Winter [with snow] makes for more pensive pass times… Following up to my summer 2021 book list, here’s a modest attempt to a thoughtful winter reading motivated in part by recent Twitter exchanges on economists reading (or not)… the classical authors.
This year, 2021, has been an oddly difficult one…filled with hope, promise, disappointment, and more tragic disappointment and hope again. Perhaps, these books may help one shift their thoughts, albeit temporarily, away from the hard realities outside and gain emotional strength and practical wisdom to carry on.
Carry on we must…
The books are listed alphabetically by author. Very subjectively, reflecting my current interests, mixed with the classics and books about them are the readings on New York City, the post-socialist transition economies, and modern international economics.
Happy New Year and Happy Readings!
- Ivan Berend. 2009. From the Soviet Bloc to the European Union. Cambridge: Cambridge University Press.
- Thomas Dyja. 2021. New York, New York, New York: Four Decades of Success, Excess, and Transformation. New York, NY: Simon & Schuster
- Henry George. 1879. Progress and Poverty: An Inquiry into the Cause of Industrial Depressions and of Increase of Want with Increase of Wealth: The Remedy.

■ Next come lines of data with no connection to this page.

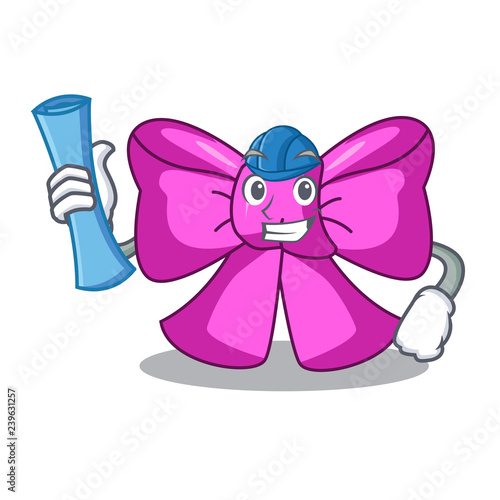 Architect bow tie in a shape cartoon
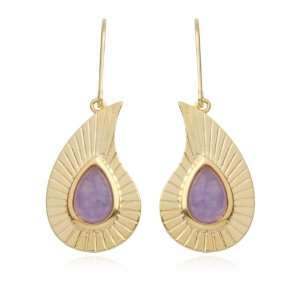   Gold Plated Sterling Silver Purple Quartz Wire Earrings Jewelry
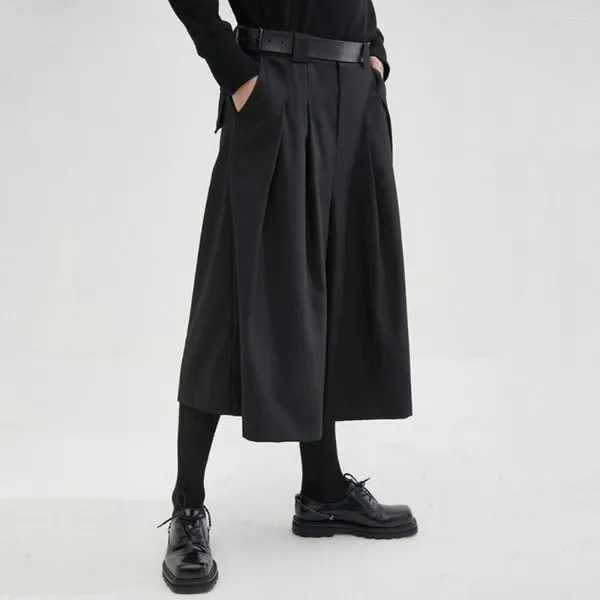 Calças masculinas estilo escuro casual cor sólida culottes sem gênero moda juventude tendência rua solta cortada larga perna calças unisex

Available online: https://www.gutenberg.org/ebooks/55308 and https://www.henrygeorge.org/pcontents.htm
- Robert L. Heilbroner. 1999. The Worldly Philosophers: The Lives, Times And Ideas Of The Great Economic Thinkers. 7th ed. New York, NY: Touchstone by Simon & Schuster
- Tarron Khemraj. 2014. Money, Banking and the Foreign Exchange Market in Emerging Economies. Northampton, MA: Edward Elgar.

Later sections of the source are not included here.